Among the lines below, take the one holding "Medical Ideas. Friendly", the one holding "May include: A collection", and all lines between them. Set them down exactly.
==== INPUT ====
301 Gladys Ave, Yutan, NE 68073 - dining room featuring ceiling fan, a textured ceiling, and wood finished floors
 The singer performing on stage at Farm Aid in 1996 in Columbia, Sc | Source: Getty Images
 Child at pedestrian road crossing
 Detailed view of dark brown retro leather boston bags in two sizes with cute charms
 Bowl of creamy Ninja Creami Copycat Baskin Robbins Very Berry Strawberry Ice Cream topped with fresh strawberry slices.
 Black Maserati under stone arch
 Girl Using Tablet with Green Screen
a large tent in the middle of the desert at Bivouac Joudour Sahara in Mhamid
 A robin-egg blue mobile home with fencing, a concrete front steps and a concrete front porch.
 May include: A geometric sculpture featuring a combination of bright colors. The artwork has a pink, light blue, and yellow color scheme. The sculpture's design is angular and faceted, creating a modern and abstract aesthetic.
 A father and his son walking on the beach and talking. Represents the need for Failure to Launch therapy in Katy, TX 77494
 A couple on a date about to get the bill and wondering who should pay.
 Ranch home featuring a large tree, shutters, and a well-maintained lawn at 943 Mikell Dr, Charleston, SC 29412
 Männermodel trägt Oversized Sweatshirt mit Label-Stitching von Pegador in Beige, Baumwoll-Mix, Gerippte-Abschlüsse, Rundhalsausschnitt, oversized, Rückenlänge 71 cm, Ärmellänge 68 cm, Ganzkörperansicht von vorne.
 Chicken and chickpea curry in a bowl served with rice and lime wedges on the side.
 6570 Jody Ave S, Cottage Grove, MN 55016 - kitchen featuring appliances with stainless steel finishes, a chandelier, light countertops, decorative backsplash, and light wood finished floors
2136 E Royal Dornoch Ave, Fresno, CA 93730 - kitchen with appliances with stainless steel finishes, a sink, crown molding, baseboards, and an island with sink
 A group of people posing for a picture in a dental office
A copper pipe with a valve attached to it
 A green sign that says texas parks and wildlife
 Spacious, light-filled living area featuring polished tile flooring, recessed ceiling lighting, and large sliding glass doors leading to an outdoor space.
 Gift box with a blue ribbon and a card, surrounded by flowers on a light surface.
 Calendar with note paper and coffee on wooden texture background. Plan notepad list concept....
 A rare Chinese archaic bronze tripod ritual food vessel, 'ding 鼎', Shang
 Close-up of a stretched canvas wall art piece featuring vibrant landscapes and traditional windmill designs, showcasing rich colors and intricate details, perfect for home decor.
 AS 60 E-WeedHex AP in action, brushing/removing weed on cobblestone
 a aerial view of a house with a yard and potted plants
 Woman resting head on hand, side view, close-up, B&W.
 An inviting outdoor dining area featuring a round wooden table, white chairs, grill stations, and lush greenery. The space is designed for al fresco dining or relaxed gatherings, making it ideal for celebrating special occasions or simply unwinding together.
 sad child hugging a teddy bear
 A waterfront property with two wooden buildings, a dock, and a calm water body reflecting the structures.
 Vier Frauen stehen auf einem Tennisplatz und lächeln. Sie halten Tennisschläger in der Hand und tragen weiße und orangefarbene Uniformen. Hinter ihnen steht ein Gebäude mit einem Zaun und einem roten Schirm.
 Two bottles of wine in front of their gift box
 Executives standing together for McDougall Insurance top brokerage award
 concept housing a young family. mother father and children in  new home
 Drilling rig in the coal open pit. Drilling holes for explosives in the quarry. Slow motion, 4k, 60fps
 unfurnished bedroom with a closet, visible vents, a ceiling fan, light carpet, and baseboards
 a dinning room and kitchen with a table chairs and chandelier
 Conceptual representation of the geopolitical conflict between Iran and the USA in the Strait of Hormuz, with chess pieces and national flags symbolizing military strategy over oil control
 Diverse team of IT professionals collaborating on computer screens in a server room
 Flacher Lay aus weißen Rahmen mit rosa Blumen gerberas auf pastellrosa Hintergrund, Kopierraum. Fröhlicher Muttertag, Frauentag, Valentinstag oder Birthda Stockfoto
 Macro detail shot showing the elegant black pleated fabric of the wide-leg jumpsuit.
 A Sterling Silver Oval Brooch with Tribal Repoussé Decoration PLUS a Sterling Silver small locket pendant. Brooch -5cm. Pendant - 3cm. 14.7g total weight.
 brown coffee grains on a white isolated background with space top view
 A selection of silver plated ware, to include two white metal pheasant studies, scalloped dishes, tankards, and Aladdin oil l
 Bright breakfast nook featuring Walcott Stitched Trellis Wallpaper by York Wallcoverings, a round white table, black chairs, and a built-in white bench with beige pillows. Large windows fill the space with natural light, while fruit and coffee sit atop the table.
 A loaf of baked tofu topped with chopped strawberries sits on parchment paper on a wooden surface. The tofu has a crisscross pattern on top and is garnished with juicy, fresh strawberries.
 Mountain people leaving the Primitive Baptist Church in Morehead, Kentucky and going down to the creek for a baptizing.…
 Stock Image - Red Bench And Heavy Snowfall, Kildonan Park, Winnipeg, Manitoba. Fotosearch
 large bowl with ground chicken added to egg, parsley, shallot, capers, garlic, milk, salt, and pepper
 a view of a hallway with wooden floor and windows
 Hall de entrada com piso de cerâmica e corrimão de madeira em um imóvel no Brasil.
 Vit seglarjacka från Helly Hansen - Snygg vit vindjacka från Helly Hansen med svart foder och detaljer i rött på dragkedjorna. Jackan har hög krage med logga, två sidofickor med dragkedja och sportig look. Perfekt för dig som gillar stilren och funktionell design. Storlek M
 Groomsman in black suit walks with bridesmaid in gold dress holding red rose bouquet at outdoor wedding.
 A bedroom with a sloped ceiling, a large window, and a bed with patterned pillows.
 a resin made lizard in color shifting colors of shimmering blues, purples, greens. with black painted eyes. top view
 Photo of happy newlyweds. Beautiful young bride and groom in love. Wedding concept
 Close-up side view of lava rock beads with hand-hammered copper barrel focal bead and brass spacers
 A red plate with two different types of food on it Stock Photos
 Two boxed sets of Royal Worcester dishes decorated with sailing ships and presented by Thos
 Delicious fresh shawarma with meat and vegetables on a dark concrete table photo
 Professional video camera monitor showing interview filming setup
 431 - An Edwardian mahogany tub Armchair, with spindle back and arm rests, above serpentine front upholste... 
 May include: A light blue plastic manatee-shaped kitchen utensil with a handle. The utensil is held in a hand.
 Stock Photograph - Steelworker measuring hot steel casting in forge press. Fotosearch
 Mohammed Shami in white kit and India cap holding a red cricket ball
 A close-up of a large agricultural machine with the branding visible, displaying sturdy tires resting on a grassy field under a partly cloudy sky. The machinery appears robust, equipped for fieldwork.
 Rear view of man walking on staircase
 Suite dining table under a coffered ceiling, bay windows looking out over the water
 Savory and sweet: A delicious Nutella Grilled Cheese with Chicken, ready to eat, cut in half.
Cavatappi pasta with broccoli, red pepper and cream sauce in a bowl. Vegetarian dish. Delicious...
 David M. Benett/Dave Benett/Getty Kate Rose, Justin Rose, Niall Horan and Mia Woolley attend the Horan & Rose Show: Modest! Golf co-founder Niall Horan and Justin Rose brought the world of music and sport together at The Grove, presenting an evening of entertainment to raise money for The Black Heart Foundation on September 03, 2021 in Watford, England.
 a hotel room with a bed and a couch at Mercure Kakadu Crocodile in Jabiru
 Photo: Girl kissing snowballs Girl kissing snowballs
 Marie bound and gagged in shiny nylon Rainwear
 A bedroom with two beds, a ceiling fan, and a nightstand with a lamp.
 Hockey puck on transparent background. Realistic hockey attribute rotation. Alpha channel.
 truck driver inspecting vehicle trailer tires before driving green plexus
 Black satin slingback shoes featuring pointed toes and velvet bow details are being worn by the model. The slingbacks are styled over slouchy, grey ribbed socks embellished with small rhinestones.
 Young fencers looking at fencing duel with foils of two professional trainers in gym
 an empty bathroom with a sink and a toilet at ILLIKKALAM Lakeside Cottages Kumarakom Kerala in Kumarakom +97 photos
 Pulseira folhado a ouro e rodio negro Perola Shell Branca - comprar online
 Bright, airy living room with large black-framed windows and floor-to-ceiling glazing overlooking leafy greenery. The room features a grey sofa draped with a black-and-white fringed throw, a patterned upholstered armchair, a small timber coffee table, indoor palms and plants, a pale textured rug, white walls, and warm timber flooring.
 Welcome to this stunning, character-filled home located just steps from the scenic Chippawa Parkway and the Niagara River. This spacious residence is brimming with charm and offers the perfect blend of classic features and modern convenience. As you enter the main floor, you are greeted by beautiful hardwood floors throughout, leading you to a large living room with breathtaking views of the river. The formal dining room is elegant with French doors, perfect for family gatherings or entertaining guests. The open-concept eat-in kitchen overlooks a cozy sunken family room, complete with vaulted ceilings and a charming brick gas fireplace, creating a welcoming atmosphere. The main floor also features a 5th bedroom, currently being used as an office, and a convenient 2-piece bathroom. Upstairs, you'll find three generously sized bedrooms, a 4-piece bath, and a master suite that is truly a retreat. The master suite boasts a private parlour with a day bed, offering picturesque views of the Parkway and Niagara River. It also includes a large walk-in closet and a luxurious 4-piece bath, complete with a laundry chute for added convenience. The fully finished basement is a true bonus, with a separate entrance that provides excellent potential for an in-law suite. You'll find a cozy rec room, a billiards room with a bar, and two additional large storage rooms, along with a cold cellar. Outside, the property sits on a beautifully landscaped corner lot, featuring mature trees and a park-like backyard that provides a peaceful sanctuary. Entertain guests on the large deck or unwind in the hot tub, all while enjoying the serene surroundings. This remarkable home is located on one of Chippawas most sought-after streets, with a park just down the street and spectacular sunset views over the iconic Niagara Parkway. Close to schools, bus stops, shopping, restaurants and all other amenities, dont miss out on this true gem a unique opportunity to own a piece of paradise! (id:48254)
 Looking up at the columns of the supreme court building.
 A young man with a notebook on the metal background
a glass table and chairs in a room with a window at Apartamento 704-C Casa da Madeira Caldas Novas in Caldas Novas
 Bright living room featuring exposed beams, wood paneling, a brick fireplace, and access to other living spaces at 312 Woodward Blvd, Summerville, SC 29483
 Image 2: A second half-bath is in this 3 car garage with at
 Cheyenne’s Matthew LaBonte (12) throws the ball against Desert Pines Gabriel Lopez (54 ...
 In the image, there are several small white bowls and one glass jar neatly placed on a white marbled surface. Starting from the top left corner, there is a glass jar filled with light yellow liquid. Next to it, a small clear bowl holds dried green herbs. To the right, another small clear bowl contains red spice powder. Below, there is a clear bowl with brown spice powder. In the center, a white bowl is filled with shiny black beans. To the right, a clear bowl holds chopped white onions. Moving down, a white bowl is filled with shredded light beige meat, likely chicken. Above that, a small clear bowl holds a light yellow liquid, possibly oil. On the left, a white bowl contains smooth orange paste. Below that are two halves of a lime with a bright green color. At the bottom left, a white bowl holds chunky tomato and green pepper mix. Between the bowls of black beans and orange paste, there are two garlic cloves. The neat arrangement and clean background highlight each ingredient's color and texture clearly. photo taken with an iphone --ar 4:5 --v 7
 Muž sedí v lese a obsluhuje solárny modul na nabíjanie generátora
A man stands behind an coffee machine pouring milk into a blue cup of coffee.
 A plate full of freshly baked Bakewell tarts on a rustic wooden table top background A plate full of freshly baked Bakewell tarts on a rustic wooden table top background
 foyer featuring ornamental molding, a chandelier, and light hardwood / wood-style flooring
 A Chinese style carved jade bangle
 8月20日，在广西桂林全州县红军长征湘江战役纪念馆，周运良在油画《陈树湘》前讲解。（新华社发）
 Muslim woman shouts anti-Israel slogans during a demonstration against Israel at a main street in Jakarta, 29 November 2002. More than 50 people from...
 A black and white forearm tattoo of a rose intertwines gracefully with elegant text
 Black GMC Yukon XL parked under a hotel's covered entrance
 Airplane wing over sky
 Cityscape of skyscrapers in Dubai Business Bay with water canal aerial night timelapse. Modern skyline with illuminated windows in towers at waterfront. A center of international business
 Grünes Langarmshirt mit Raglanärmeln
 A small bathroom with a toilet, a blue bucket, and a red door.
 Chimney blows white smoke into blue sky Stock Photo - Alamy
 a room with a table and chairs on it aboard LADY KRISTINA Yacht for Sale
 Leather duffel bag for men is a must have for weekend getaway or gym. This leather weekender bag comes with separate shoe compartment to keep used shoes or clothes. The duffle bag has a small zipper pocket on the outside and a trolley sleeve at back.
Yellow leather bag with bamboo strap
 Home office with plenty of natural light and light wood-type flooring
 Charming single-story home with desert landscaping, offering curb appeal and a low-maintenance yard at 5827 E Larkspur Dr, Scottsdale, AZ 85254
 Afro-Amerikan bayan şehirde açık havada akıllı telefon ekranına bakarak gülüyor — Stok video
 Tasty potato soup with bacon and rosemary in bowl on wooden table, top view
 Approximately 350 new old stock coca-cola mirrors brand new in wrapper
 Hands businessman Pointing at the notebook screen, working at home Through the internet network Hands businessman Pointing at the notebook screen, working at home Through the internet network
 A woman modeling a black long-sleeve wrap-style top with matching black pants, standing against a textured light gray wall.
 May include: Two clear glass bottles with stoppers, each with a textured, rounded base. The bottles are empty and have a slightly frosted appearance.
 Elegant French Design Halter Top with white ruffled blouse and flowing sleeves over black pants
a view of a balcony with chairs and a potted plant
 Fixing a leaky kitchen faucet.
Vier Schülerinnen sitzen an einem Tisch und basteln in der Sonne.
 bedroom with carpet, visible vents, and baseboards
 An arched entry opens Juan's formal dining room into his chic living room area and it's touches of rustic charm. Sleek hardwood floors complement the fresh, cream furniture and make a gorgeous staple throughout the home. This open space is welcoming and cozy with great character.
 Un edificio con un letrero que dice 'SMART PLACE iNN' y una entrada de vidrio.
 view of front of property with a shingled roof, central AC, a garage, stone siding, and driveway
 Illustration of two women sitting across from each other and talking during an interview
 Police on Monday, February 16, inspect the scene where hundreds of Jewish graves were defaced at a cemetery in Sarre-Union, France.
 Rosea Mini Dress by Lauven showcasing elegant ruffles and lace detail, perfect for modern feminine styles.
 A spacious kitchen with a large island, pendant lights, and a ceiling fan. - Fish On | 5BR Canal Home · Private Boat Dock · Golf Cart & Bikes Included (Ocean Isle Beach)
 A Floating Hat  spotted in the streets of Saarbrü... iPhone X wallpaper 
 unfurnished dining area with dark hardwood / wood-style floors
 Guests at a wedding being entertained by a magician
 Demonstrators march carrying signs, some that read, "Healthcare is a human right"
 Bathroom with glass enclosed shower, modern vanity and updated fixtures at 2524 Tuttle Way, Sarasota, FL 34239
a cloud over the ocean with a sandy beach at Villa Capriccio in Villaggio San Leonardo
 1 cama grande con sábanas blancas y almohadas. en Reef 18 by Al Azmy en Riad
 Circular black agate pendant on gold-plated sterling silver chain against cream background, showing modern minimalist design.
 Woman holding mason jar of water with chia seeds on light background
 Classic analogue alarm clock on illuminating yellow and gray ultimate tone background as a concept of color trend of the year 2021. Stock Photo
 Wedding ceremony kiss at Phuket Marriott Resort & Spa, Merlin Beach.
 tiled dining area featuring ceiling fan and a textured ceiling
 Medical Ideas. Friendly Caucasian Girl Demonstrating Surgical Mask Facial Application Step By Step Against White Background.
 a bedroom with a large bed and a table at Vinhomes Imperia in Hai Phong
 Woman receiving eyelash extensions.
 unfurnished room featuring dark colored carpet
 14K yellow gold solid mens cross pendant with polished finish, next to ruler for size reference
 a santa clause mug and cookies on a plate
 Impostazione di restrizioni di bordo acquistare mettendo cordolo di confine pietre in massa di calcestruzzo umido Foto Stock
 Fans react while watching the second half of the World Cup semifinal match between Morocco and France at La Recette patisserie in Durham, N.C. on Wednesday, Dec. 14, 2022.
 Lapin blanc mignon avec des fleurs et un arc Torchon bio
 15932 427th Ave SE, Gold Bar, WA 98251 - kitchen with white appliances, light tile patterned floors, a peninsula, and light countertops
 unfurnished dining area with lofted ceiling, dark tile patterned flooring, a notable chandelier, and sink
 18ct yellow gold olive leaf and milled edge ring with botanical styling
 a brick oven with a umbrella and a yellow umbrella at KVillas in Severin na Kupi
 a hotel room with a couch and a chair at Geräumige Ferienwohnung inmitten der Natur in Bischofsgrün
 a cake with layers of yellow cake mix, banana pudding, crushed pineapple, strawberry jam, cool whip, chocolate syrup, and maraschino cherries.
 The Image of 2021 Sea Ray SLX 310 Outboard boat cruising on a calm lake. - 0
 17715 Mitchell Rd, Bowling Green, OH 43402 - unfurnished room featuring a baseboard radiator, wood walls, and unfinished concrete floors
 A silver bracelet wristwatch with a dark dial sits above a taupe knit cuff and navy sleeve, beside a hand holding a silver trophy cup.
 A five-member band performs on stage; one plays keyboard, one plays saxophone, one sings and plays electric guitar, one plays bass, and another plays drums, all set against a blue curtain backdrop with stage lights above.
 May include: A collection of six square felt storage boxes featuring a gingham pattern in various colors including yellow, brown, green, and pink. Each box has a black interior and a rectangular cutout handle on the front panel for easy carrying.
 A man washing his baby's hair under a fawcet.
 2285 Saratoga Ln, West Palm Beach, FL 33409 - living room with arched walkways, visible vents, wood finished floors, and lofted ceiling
====
- [SOLUTION BELOW]
 Medical Ideas. Friendly Caucasian Girl Demonstrating Surgical Mask Facial Application Step By Step Against White Background.
 a bedroom with a large bed and a table at Vinhomes Imperia in Hai Phong
 Woman receiving eyelash extensions.
 unfurnished room featuring dark colored carpet
 14K yellow gold solid mens cross pendant with polished finish, next to ruler for size reference
 a santa clause mug and cookies on a plate
 Impostazione di restrizioni di bordo acquistare mettendo cordolo di confine pietre in massa di calcestruzzo umido Foto Stock
 Fans react while watching the second half of the World Cup semifinal match between Morocco and France at La Recette patisserie in Durham, N.C. on Wednesday, Dec. 14, 2022.
 Lapin blanc mignon avec des fleurs et un arc Torchon bio
 15932 427th Ave SE, Gold Bar, WA 98251 - kitchen with white appliances, light tile patterned floors, a peninsula, and light countertops
 unfurnished dining area with lofted ceiling, dark tile patterned flooring, a notable chandelier, and sink
 18ct yellow gold olive leaf and milled edge ring with botanical styling
 a brick oven with a umbrella and a yellow umbrella at KVillas in Severin na Kupi
 a hotel room with a couch and a chair at Geräumige Ferienwohnung inmitten der Natur in Bischofsgrün
 a cake with layers of yellow cake mix, banana pudding, crushed pineapple, strawberry jam, cool whip, chocolate syrup, and maraschino cherries.
 The Image of 2021 Sea Ray SLX 310 Outboard boat cruising on a calm lake. - 0
 17715 Mitchell Rd, Bowling Green, OH 43402 - unfurnished room featuring a baseboard radiator, wood walls, and unfinished concrete floors
 A silver bracelet wristwatch with a dark dial sits above a taupe knit cuff and navy sleeve, beside a hand holding a silver trophy cup.
 A five-member band performs on stage; one plays keyboard, one plays saxophone, one sings and plays electric guitar, one plays bass, and another plays drums, all set against a blue curtain backdrop with stage lights above.
 May include: A collection of six square felt storage boxes featuring a gingham pattern in various colors including yellow, brown, green, and pink. Each box has a black interior and a rectangular cutout handle on the front panel for easy carrying.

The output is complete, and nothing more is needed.